Octo is a 93M-parameter Transformer trained on 800k demonstrations across diverse robots. It supports language and goal-image conditioning, can be fine-tuned to new robots in minutes, and achieves competitive performance with proprietary models on standard benchmarks.

OpenVLA (7B parameters) is based on Prismatic-7B, a VLM fine-tuned on 970k Open X-Embodiment demonstrations. It matches RT-2-55B on several benchmarks while being 7x smaller and open-source.

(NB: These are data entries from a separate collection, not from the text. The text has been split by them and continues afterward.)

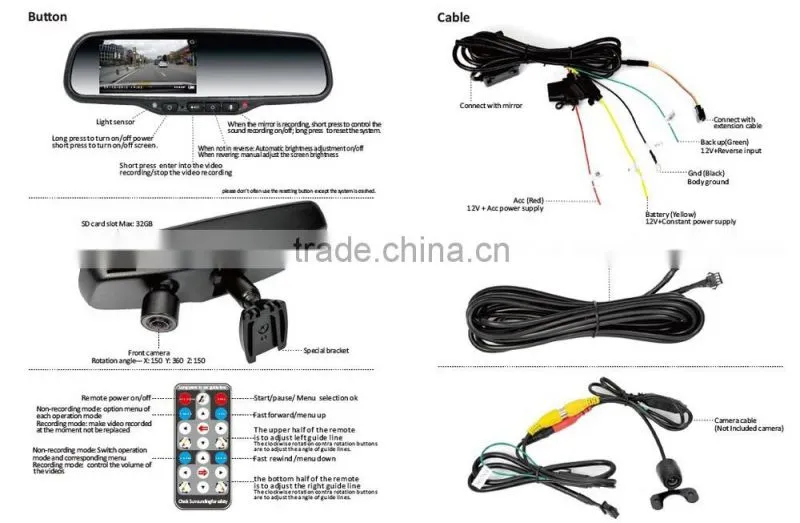 Multipul screen display rear view mirror monitor especially for trucks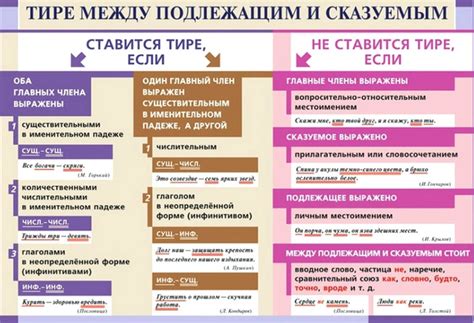 Практические рекомендации: как научиться правильно ставить дефис в начале предложения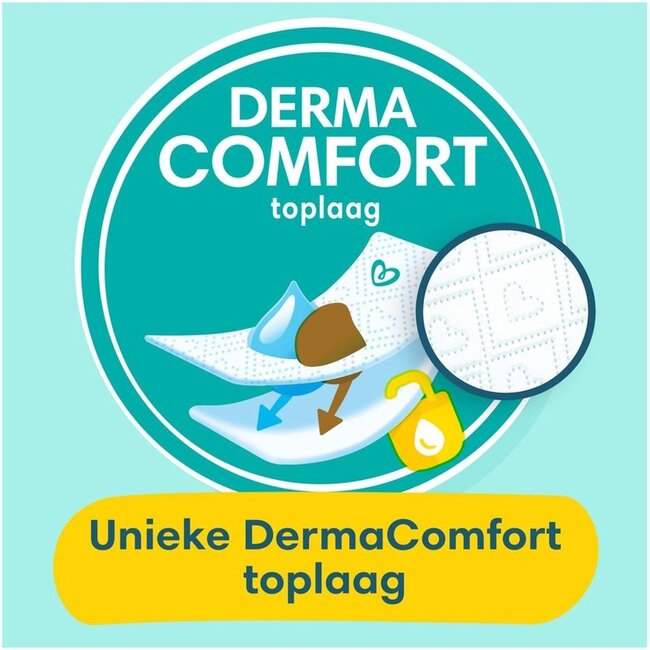 Pampers - Premium Protection - Maat 1 - Mega Pack - 100 stuks - 2/5 KG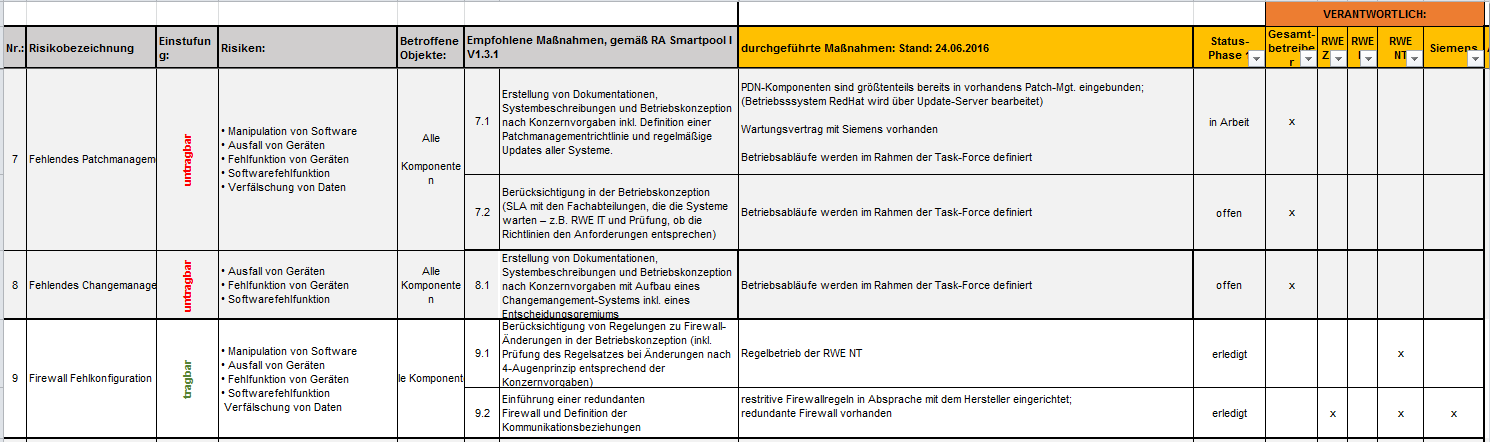 2. Umsetzung der Sicherheitsmaßnahmen aus dem ISMS Organisatorische und technische Maßnahmen BNetzA SiKat (08/2015): Risiken sind durch geeignete Maßnahmen auf Basis des allgemein anerkannten Stand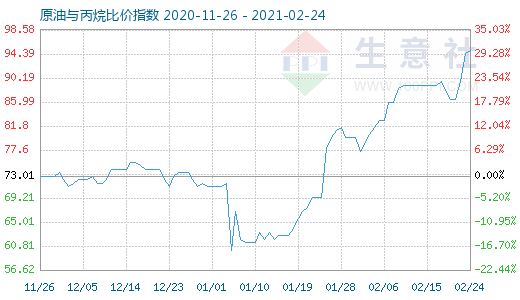 2月24日原油与丙烷比价指数图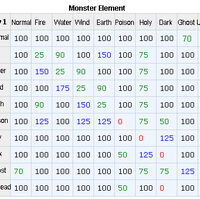Elements Ragnarok Journey Wiki Fandom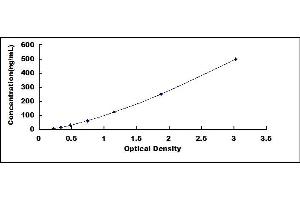 Typical standard curve (Gelsolin ELISA Kit)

Generalisation to Novel Tasks

The core promise of foundation model approaches is systematic generalisation. Evaluations show that generalist robot policies can:

  • Follow novel language instructions through compositional reasoning
  • Adapt to new object instances not seen during training
  • Transfer across embodiments with brief fine-tuning
  • Exhibit emergent behaviours from language pre-training

Remaining challenges include long-horizon tasks, precise manipulation, and the fundamental data bottleneck — even 130k demonstrations is tiny compared to the billions of tokens used to train language models.

References

  • Brohan, A., et al. (2022). RT-1: Robotics Transformer for real-world control at scale. arXiv:2212.06817.
  • Brohan, A., et al. (2023). RT-2: Vision-language-action models transfer web knowledge to robotic control. arXiv:2307.15818.
  • Ghosh, D., et al. (2023). Octo: An open-source generalist robot policy. arXiv:2405.12213.
  • Kim, M. J., et al. (2024). OpenVLA: An open-source vision-language-action model. arXiv:2406.09246.
  • Padalkar, A., et al. (2023). Open X-Embodiment: Robotic learning datasets and RT-X models. arXiv:2310.08864.
  • Bommasani, R., et al. (2021). On the opportunities and risks of foundation models. arXiv:2108.07258.